First-grade teacher Julie Hesenperger said she felt comfortable, despite - or maybe because of - her unfamiliar surroundings. Instead of having to blend in with long-established colleagues and procedures, everyone and every program is as new as she is.

"It's wonderful to come to a brand-new school," Hesenperger said. "It's like a new community."

The $23 million school in Odenton opened to 630 students as the first new school in the county since Piney Orchard Elementary in 2000. It marked another stage in the county's efforts to relieve crowding and renovate deteriorating schools, said Kevin M. Maxwell, superintendent of county schools.

Maxwell, who attended Monday's ribbon-cutting at Seven Oaks, said that Pasadena and Tracey's elementary schools are slated to reopen this year after extensive renovations. Next fall, the new Gambrills Elementary School should open.

Maxwell said he hasn't had any complaints about the redistricting related to the construction of Seven Oaks, which will feed into MacArthur Middle and Meade High. The area is expected to mushroom, with thousands of new jobs coming to nearby Fort Meade as a result of the military base realignment and closure process, known as BRAC. Once it is completed, the Seven Oaks community is expected to have 3,500 homes on about 850 acres.

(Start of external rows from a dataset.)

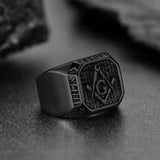 Square Masonic Signet Ring with Runes for Men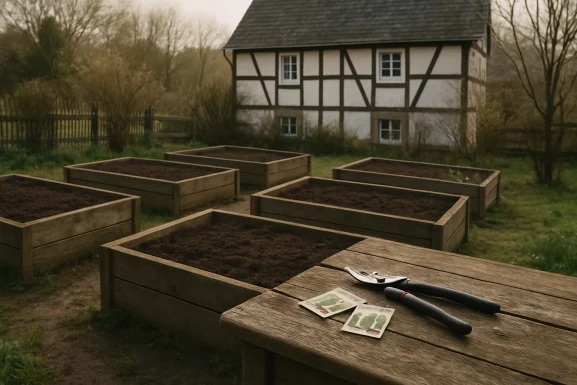 Gemüsebeet und Gartenwerkzeuge im Frühlingslicht
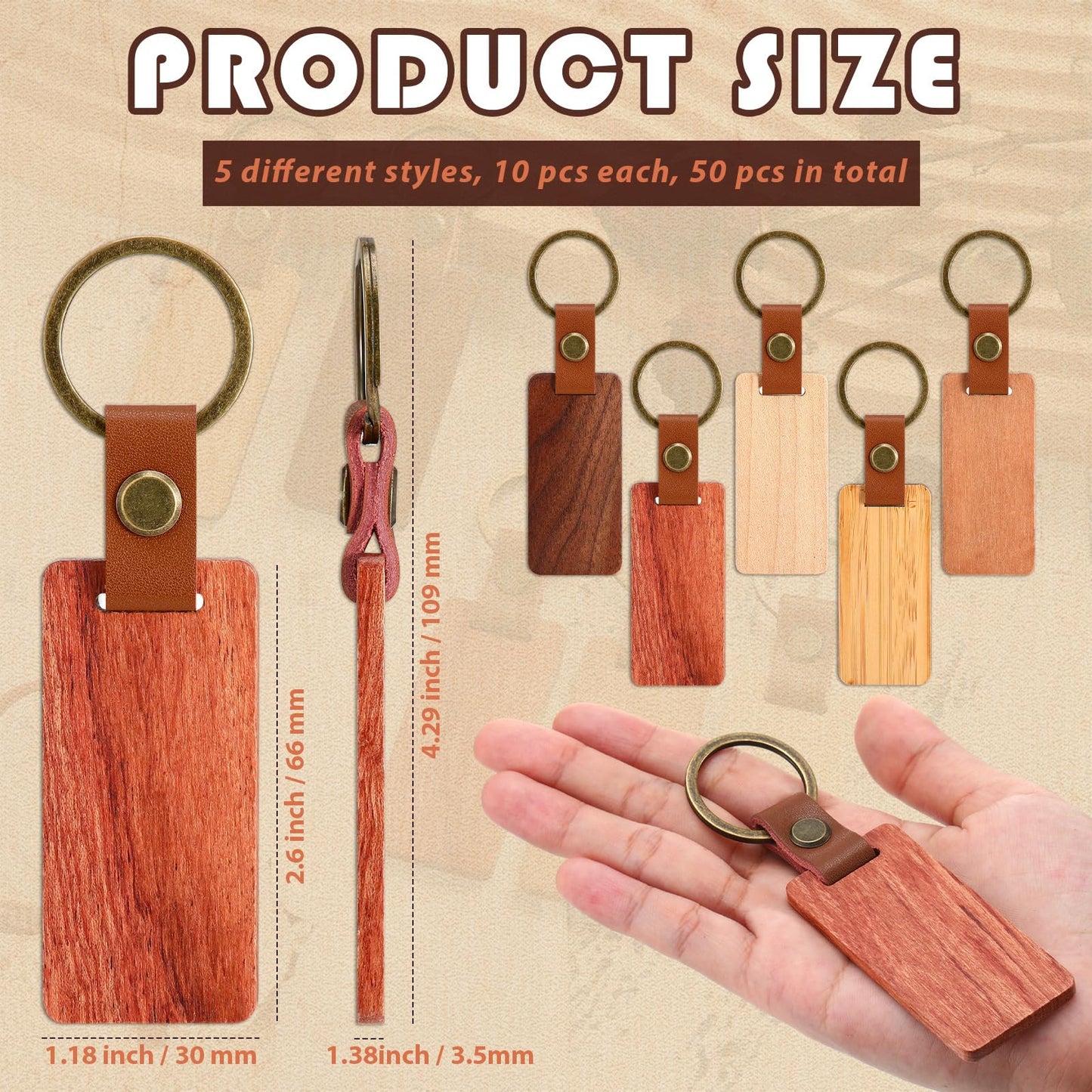 Sasylvia 50 Pcs Leather Keychain Blanks Wooden Keychain Blanks Unfinished Wood Tags with Leather Strap Keyring(White Maple, Walnut, Rosewood, Cherrywood, Bamboo)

County officials had to hire a new staff for Seven Oaks, including its principal, Lisa Leitholf. She had led Folger McKinsey Elementary in Severna Park for only six months when she was tapped in January to start planning for Seven Oaks.

While she was shopping at Sam's Club over the weekend, Leitholf spotted two large stuffed lions, the school's new mascot. The plush animals sat in her office as she prepared her opening remarks for Monday's open house.

"I couldn't resist," Leitholf said.

The 81,000-square-foot building - one of the biggest elementary schools in the county - received a fresh coat of paint inside and had wireless technology installed, Leitholf said. The school bought additional computers for the classrooms and three portable SMART boards, interactive whiteboards that display what teachers type on a computer screen.

Although everything is new for teachers and administrators, the students who attended Meade Heights at Seven Oaks for the past two years are familiar with their surroundings. They will have one major change: school uniforms. Students must wear white or light-blue shirts and navy-blue, light-blue or khaki pants, shorts or skirts.

Some students seemed ho-hum about being the inaugural class at Seven Oaks.

Tena Maynard, 6, said at Monday's open house that she was looking forward to getting cake there. Her older brother, Warren, who is starting second grade, said he wished his summer could have lasted a little bit longer.

On Monday, Heather Peterson was finishing up her last bulletin board in her first-grade classroom.

The board would remind students about one of the new school's initiatives, a discipline program that emphasizes positive reinforcement.

Peterson, who had taught in Prince George's County, said it would be a challenge to implement the program at a school where everything is starting from scratch.

"I think it's going to be interesting," she said.